Project Overview
 

Risks that affect the built environment and threaten human life are becoming major societal issues in the 21st century. Managing these risks and responding to emergencies such as fires, floods, and terrorist attacks is important and needs to be planned efficiently and effectively to ensure minimal impact on society.

The government's White paper "Our Fire and Rescue Service" published in 2003 introduced reforms that refocused the role of the Fire and Rescue Service (FRS) on the prevention of fires and broadened its role in dealing with other growing threats resulting from climate change and man-made disasters. As a result, a new statutory framework is now in existence that places a responsibility on the FRS to produce Integrated Risk Management Plans (IRMPs) to plan for, and respond to, a range of emergencies.

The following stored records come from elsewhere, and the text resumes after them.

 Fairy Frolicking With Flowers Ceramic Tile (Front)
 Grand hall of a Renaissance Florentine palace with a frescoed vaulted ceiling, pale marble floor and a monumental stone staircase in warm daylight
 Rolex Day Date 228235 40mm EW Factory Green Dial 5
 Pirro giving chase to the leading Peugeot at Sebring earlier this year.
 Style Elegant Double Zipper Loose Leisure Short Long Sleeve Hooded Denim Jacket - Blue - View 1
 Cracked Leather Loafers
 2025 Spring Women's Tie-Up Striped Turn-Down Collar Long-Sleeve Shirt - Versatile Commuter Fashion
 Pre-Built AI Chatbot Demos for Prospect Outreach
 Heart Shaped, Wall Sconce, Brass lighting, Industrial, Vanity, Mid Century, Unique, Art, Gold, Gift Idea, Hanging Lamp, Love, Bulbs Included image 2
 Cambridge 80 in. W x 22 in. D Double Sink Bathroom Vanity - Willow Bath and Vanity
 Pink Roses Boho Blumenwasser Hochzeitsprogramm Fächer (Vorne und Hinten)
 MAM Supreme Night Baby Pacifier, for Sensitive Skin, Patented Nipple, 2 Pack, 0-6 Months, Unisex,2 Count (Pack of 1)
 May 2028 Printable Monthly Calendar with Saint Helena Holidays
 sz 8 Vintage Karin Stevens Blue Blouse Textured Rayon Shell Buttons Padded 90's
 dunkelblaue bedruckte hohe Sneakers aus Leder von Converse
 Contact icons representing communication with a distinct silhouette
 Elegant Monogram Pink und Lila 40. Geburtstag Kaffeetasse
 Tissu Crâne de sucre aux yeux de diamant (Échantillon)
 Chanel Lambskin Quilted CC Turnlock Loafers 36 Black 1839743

However the new requirements of IRMPs that need a holistic and integrated approach and focus on fire prevention are introducing further research challenges, these can be summarised as follows:

  1. Lack of evidence based methods for the assessment of the effectiveness of prevention and protection measures used in buildings;
  2. Difficulties in assessing and predicting property, heritage, and human loss;
  3. The need for decision making tools for the cost effective allocation of prevention and protection resources.

The main outcome of this project will be the assessment and the development of tools and processes that will support the FRS in decision making regarding to the value of prevention and protection measures in the built environment; and the allocation of resources for fire safety interventions.